Keto Chili Low Carb is my go-to comfort dish, especially during chilly nights. This hearty chili is packed with flavors and perfect for those following a low-carb diet. It’s not just delicious; it’s also healthy and satisfying, ensuring you stay full without the carbs. Let’s get started on this delightful meal that’s as comforting as it is nourishing!
Keto Chili Low Carb: 7 Reasons to Love This Recipe — Keto Chili Low Carb is my go-to comfort dish, especially during chilly nights. This hearty chili is packed with flavors and perfect for those following a low-carb diet. It’s not
Why You’ll Love This Keto Chili Low Carb
This Keto Chili Low Carb is not only easy to make but also filled with nutritious ingredients. Here are a few reasons to love it:
- Low in carbohydrates, making it a perfect choice for weight loss.

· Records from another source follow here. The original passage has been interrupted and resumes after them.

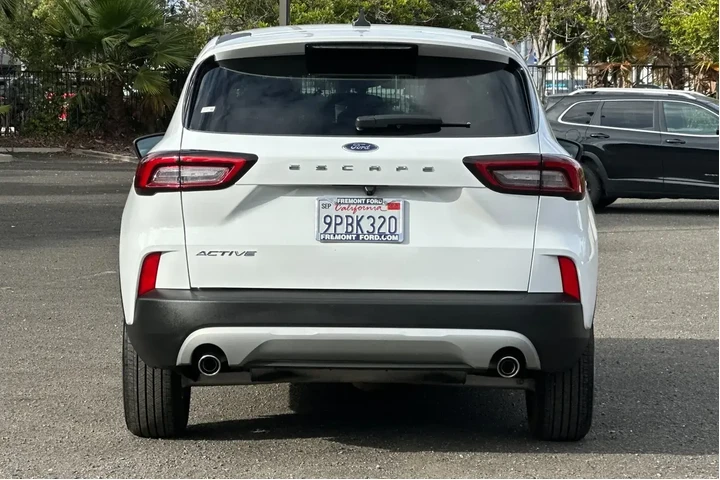 Ford Escape 2024 Active 4dr image 4
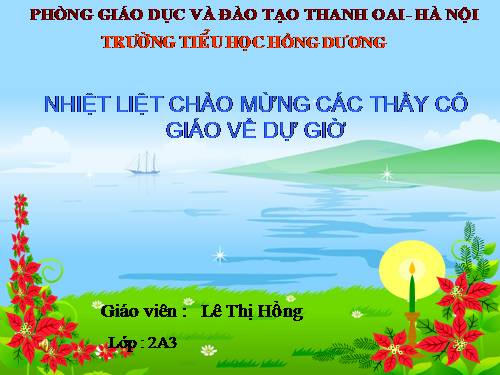 Tuần 26. MRVT: Từ ngữ về sông biển. Dấu phẩy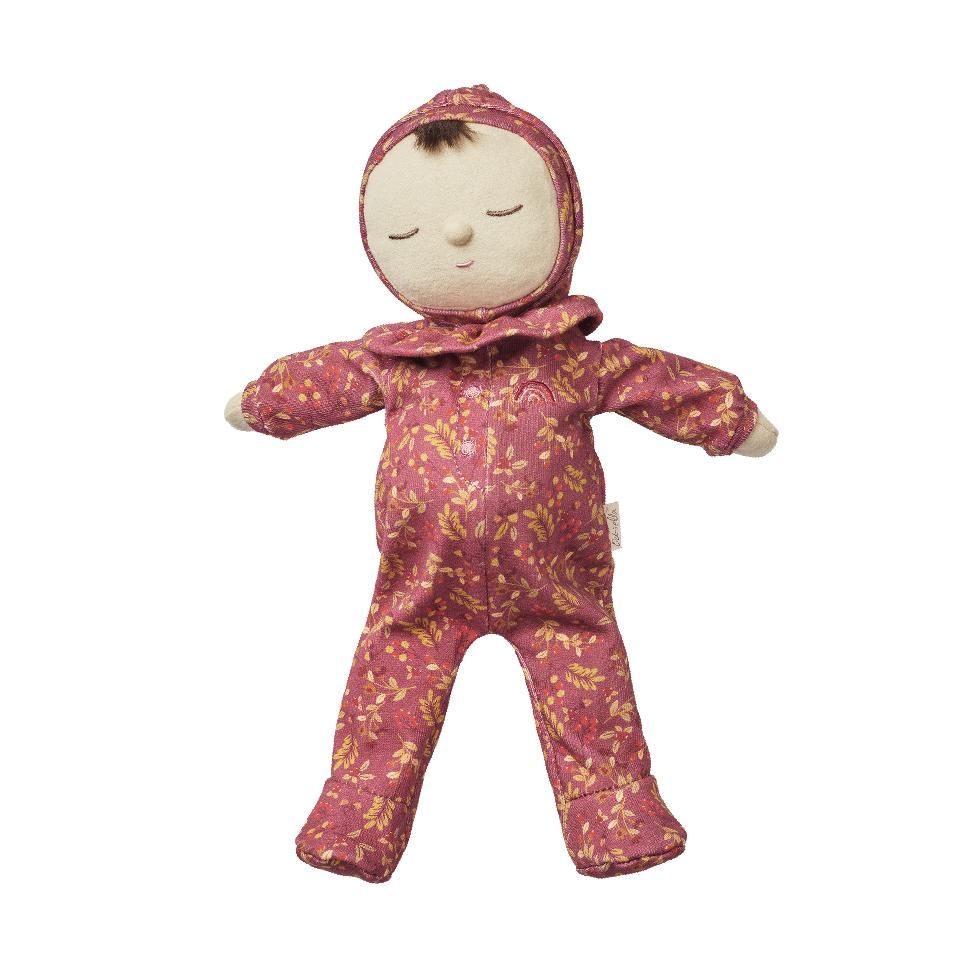 Текстильная кукла Olli Ella "Dozy Dinkum", Pudding
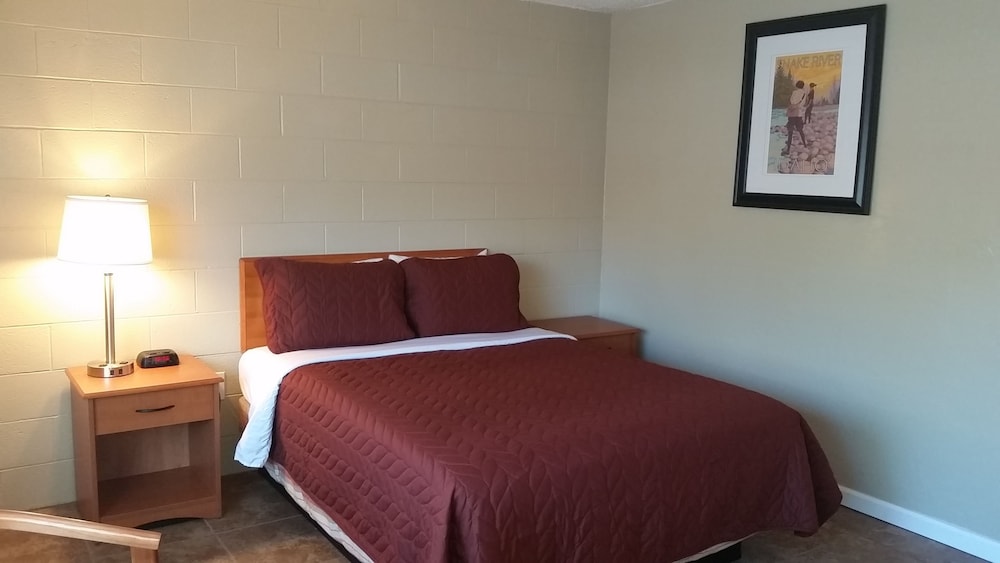 Motel West - photo 14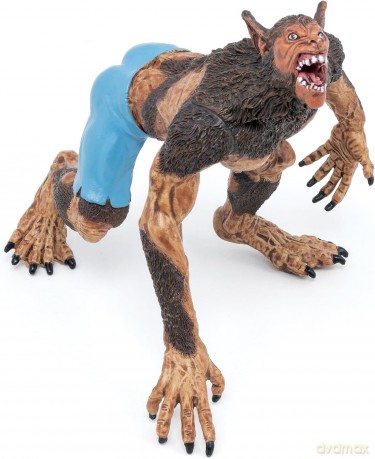 Wilkołak [FIGURKA]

- Rich in healthy fats, fueling your body while keeping you satisfied.
- Packed with protein from ground beef, essential for muscle maintenance.

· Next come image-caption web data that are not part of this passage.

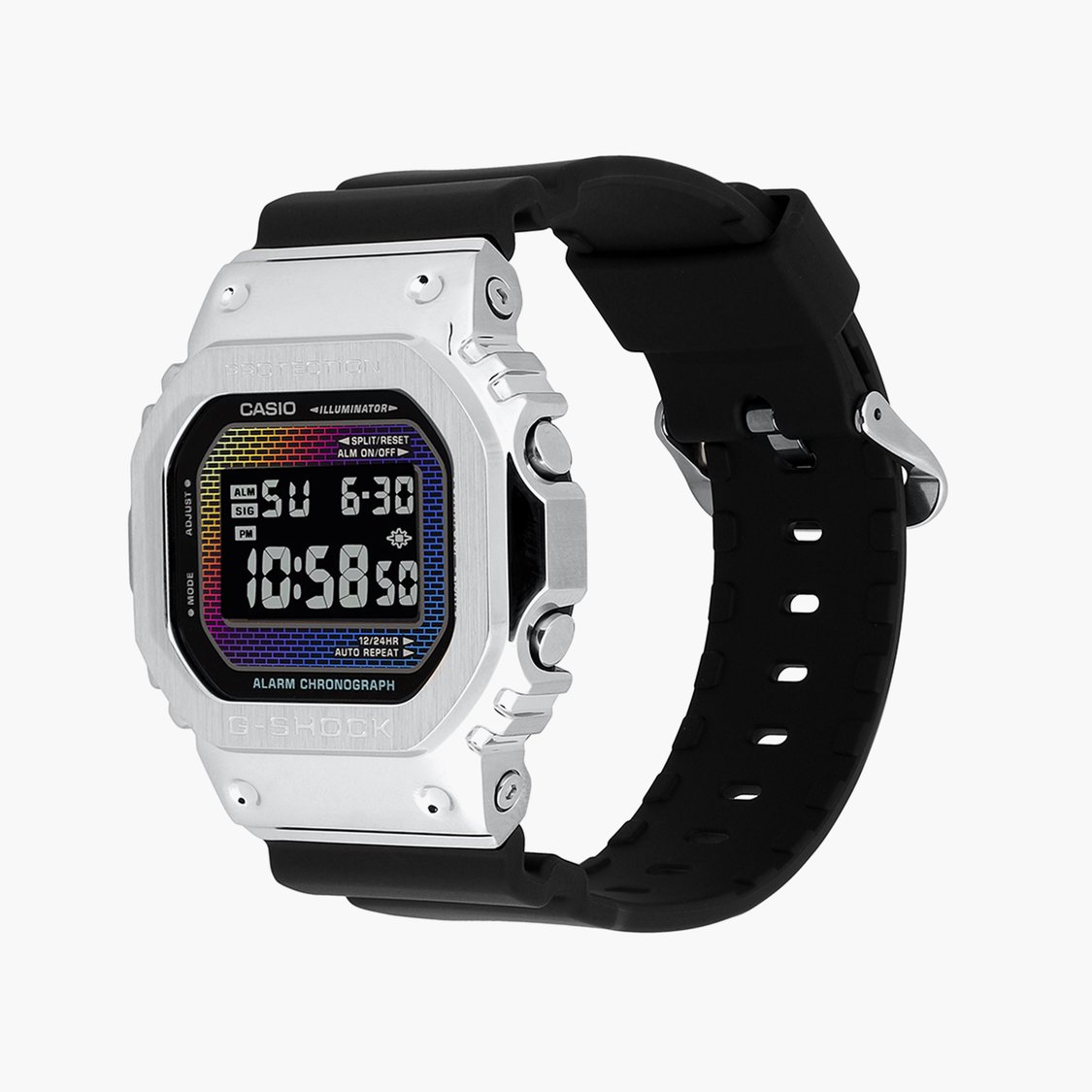 Buy CASIO G-Shock Digital Watch G1591 from Casio at just INR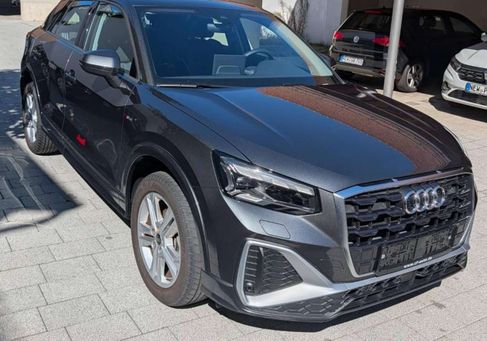 Audi Q2, 2026 3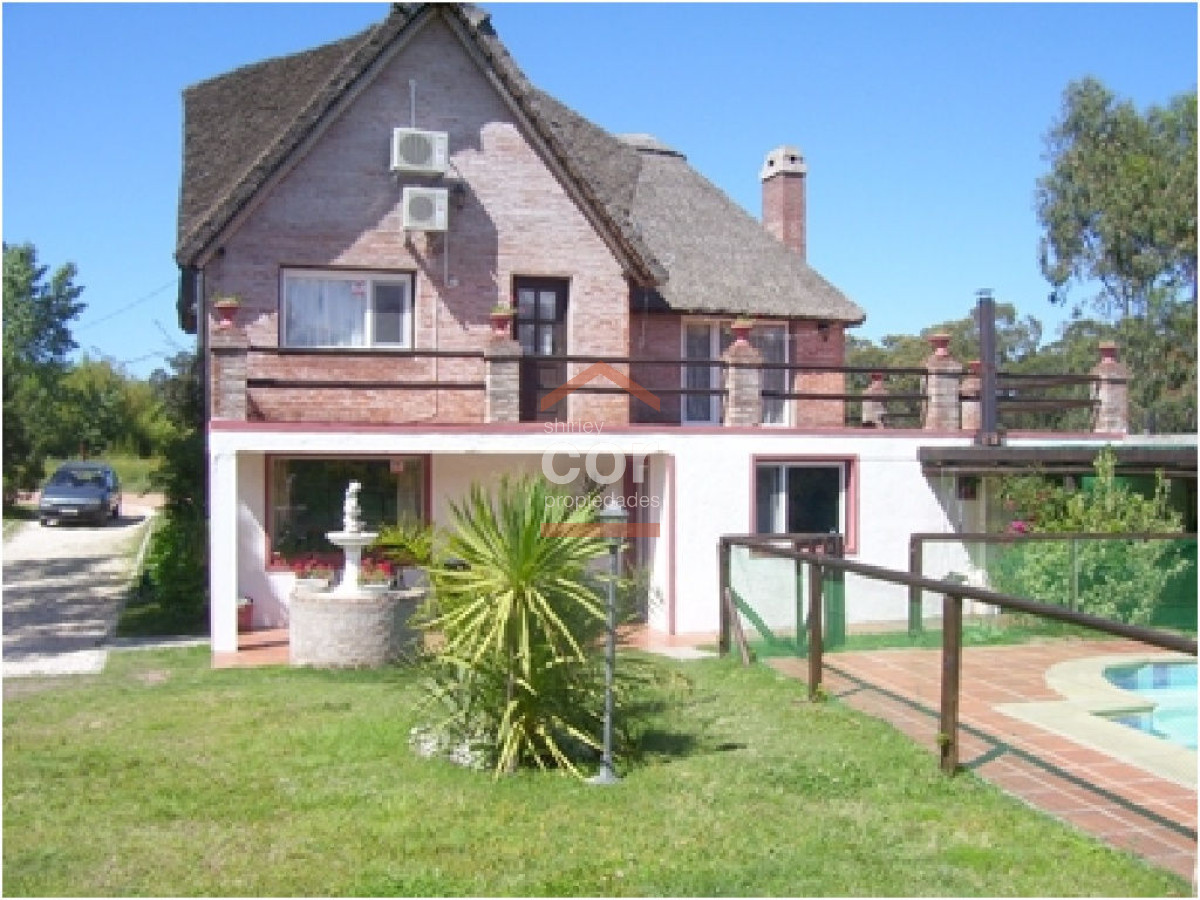 El Tesoro - GoPunta - Portal Inmobiliario de Punta del Este - Maldonado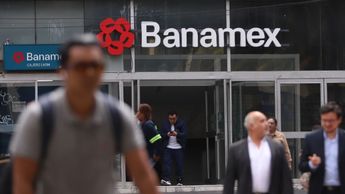 La Asociación de Bancos de México es la que decide los días en que las sucursales bancarias no tienen actividad presencial / Agencia Cuartoscuro
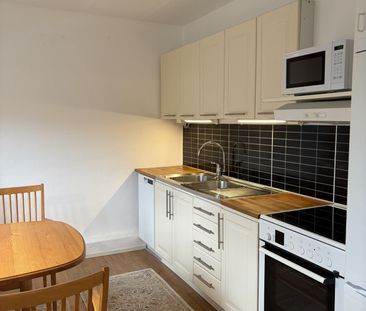 Lägenhet i hus lämplig för par - Foto 1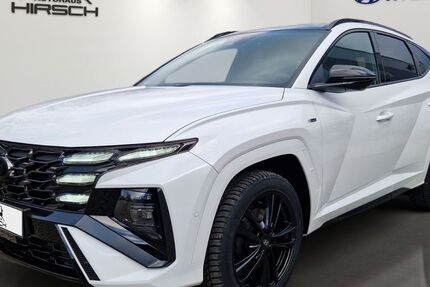 Hyundai TUCSON 2.500 km 42.990 € Chemnitz 09120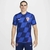 CROÁCIA AWAY 2024/25 AZUL CAMISA II
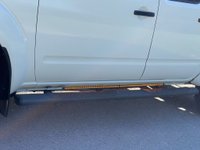 USED 2012 12 NISSAN NAVARA 2.5 DCI ACENTA 4X4 SHR DCB 188 BHP ** NO VAT ** NO VAT  + CANOPY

- Customizable with your favorite vegetables for added nutrition.
- Ideal for meal prep; you can make a large batch and store it for the week.
- Perfect for family dinners as it’s a family-friendly keto chili recipe.
Ingredients for Keto Chili Low Carb
Gather these items:
- 1 pound ground beef (80/20)
- 1 medium onion, diced
- 2 cloves garlic, minced
- 1 can (14.5 ounces) diced tomatoes (no sugar added)
- 1 can (6 ounces) tomato paste (no sugar added)
- 1 cup beef broth (low sodium)
- 1 tablespoon chili powder
- 1 teaspoon cumin
- 1 teaspoon smoked paprika
- 1/2 teaspoon oregano
- 1/2 teaspoon salt
- 1/4 teaspoon black pepper
- 1/4 teaspoon cayenne pepper (optional, for heat)
- 1 cup bell peppers, diced (any color)
- 1 can (15 ounces) kidney beans, drained and rinsed (optional for a less strict keto)
How to Make Keto Chili Low Carb Step-by-Step
- Step 1: In a large pot or Dutch oven, brown the ground beef over medium heat until fully cooked. Drain excess fat if necessary.
- Step 2: Add the diced onion and minced garlic to the pot, cooking until the onion is translucent, about 3-4 minutes.
- Step 3: Stir in the diced tomatoes, tomato paste, beef broth, chili powder, cumin, smoked paprika, oregano, salt, black pepper, and cayenne pepper (if using).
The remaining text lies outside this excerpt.